Electric Cooking to Transform the Cooking Landscape in Uganda

The UK Government, in partnership with the Ugandan Ministry of Energy and Mineral Development, launched a £5million clean cooking program to support clean cooking.

The two-year program has three major components:

  • Establish a high-impact Clean Cooking Unit in the Ministry of Energy and Mineral Development through the Global Green Growth Institute. This will drive the national clean cooking ambition, lead the effective coordination of the clean cooking sector, and attract more financing for action into this sector.
  • Secondly, through ICLEI Africa (Local Governments for Sustainability – Africa) support urban authorities within the Greater Kampala Metropolitan Area (GKMA) in their role as enablers of market-led clean cooking access to deliver solutions for at least 6,000 households (30,000 people) within the informal settlements. Additionally, support the development of scalable business models to address barriers to clean cooking access, enabling deployment of context-appropriate clean cooking technologies in some of the hardest to reach markets.
  • And finally, through Modern Energy Cooking Services Program (MECS) expand a nationwide sustainable supply chain of at least 10,000 high quality electric cooking appliances; train at least 600 Ugandan technicians in the repair and maintenance of efficient electric cooking appliances; develop a national standards and labelling program, and pilot institutional electric cooking in 100 schools across the country.

This program builds on a successful innovative research pilots led by UK’s Loughborough University in partnership with the Energy Sector Management Assistance Program (ESMAP) focusing on modern energy cooking services (MECS).

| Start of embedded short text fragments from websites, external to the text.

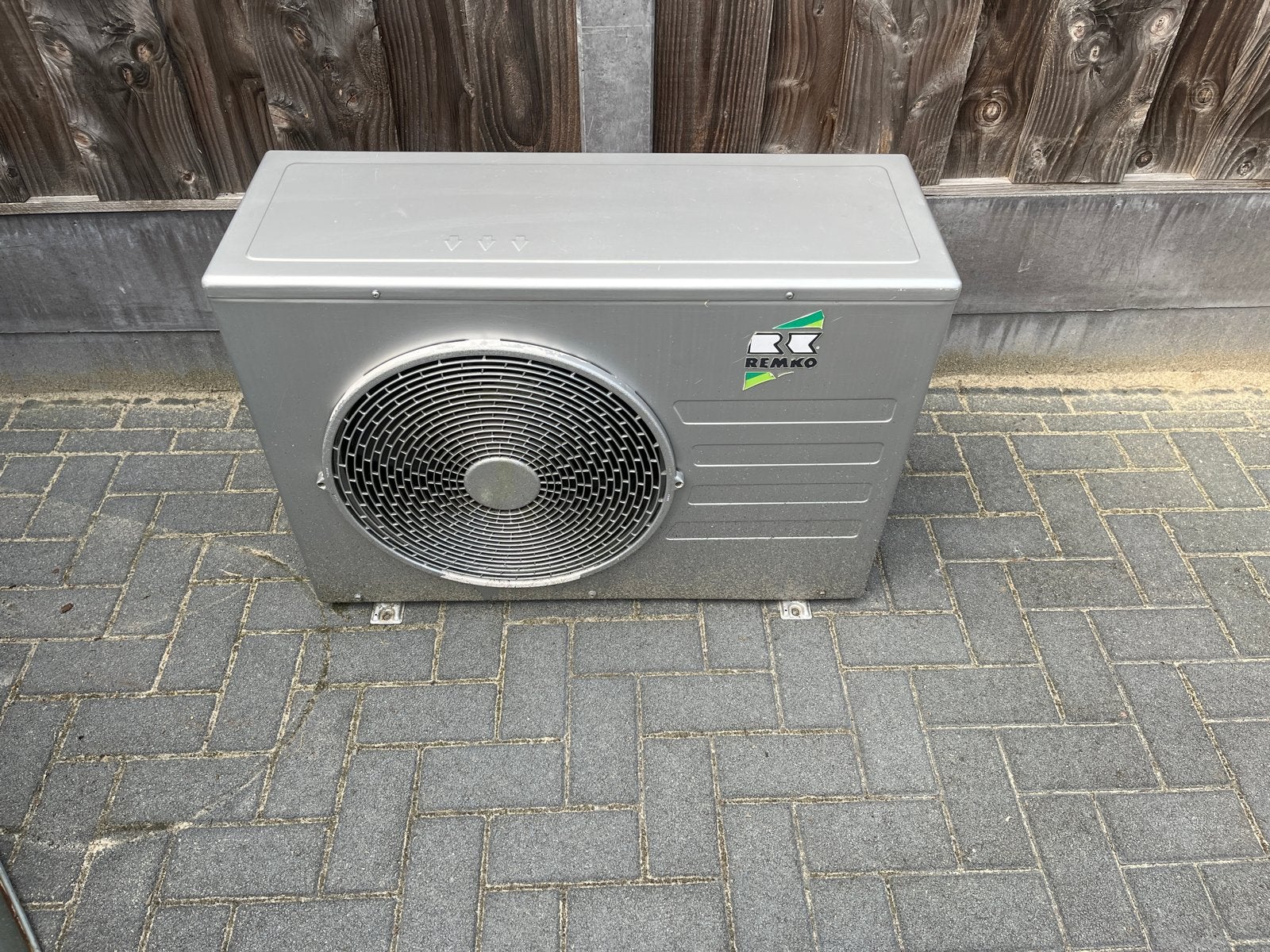 Remko  Buitenunit warmtepomp, Ophalen, Gebruikt, Minder dan 60 m³, 3 snelheden of meer
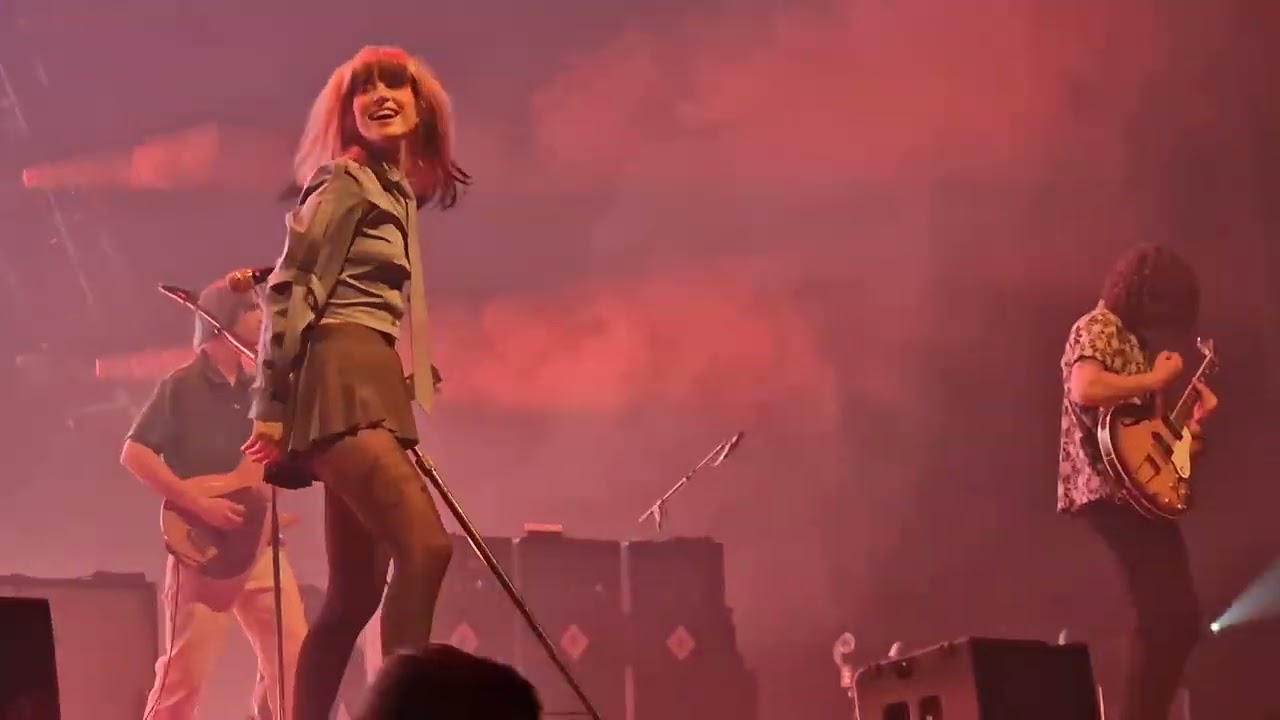 Paramore- Playing God (Glasgow, 17.04.23)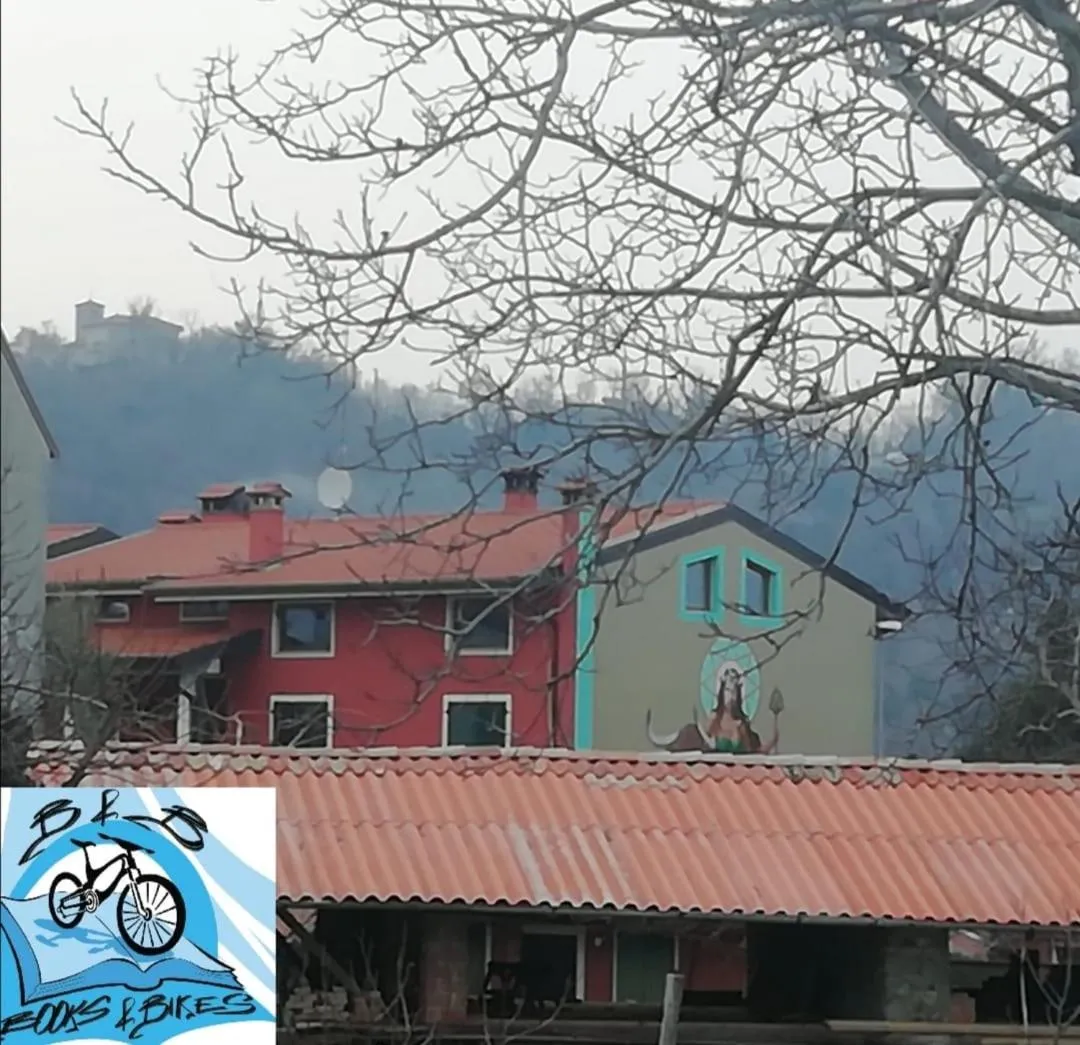 Property building in B&B Books & Bikes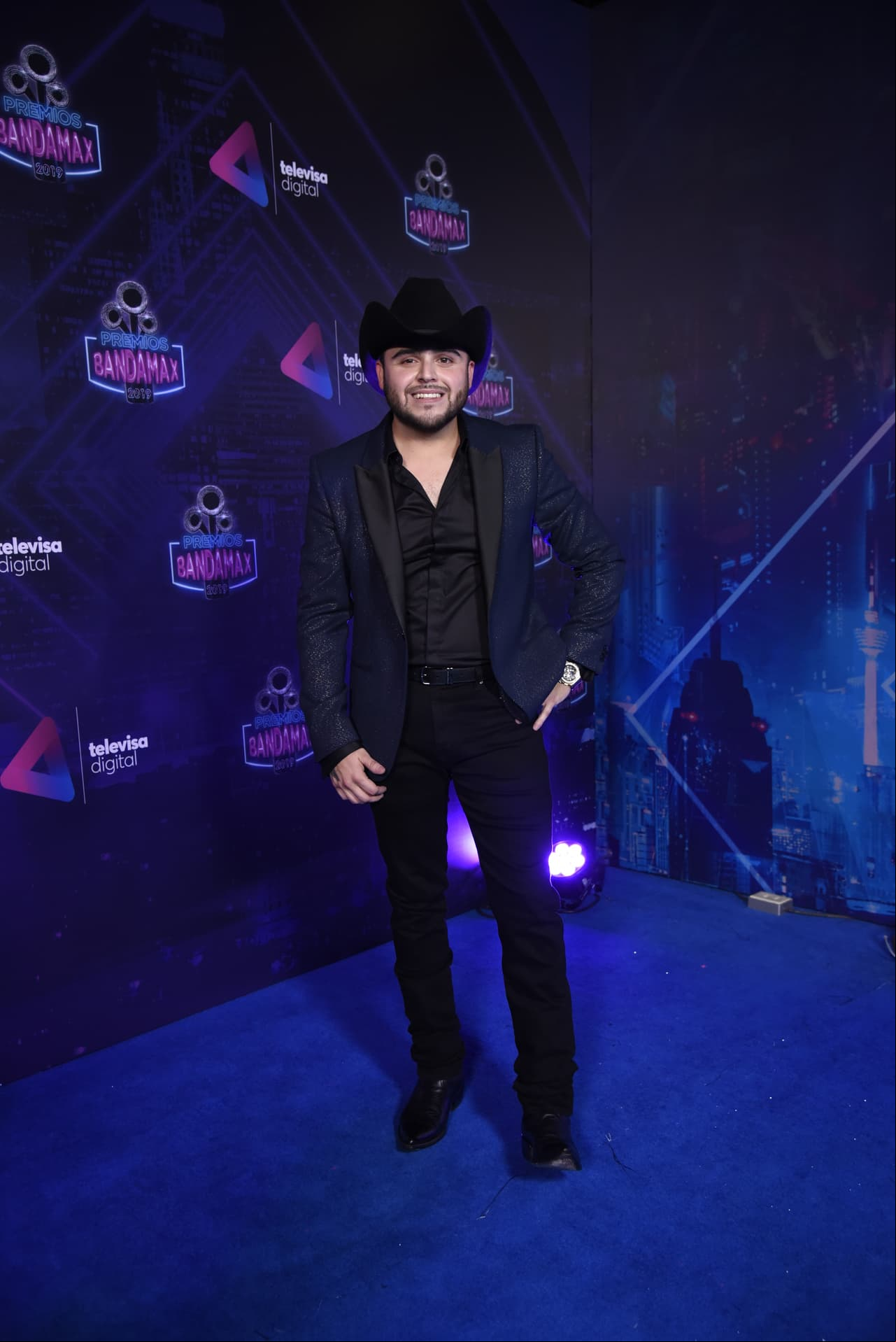 Gerardo Ortiz compartió su emoción de presentarse en los Premios Bandamax 2019 y dijo que él fue quien eligió su vestuario.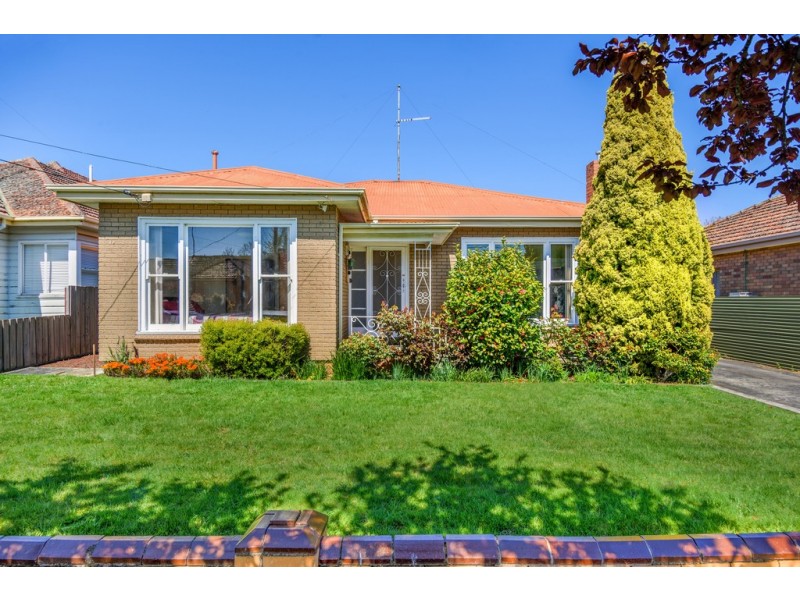 13 Fisher Street, Wendouree VIC 3355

The program represents significant opportunities towards sustainable energy solutions, improved health, environmental conservation, household budget savings, convenience and saved time to engage in other productive activities.

We have taken deliberate action in the electric cooking sector, based on the evidence that the technology, more especially the Electric Pressure Cookers (EPC) work. This cutting-edge technology is set to revolutionize cooking by combining convenience, efficiency, and versatility, allowing users at household, institutional and business levels to prepare delicious meals faster, safely and in a cleaner environment.

The EPC is designed to meet the needs of today’s busy households and has the capacity to cook for larger institutions. With its advanced technology and user-friendly features, it offers an unparalleled cooking experience, making it easier than ever to enjoy home-cooked meals. Some of the features of the product include:

  • fast and efficient cooking: the EPC reduces cooking time by up to 50% while preserving the nutrients and flavors of favorite meals
  • safety: reduces health hazards such as burns, pollution from other cooking methods ensuring a worry-free cooking experience
  • eco-friendly: designed to be energy-efficient, it helps reduce electricity consumption, making it an environmentally conscious choice for the kitchen
  • energy and cost savings: the EPC combines automation, robust insulation and pressurized cooking to deliver up to 50% savings on energy and cost

The program will promote the use of other energy efficient electric cooking devices such as induction cookers, which equally save time, money and energy needed to cook meals and are versatile in preparing local meals.

With support from the UK Government, the Ministry of Energy and Mineral Development developed a National eCooking strategy that sets out the plan to promote adoption of eCooking from 1% today to 18% by 2030 (both grid and off-grid). Beyond the above, this will deliver additional benefits including improving the Asset Turnover Ratio for investments in the electricity (grid, mini-grid and off-grid) sector.

The launch featured live cooking demonstrations and exclusive offers for the unusual partners. In addition to our key stakeholders, food enthusiasts, home cooks, and media representatives were invited to witness the culinary experience.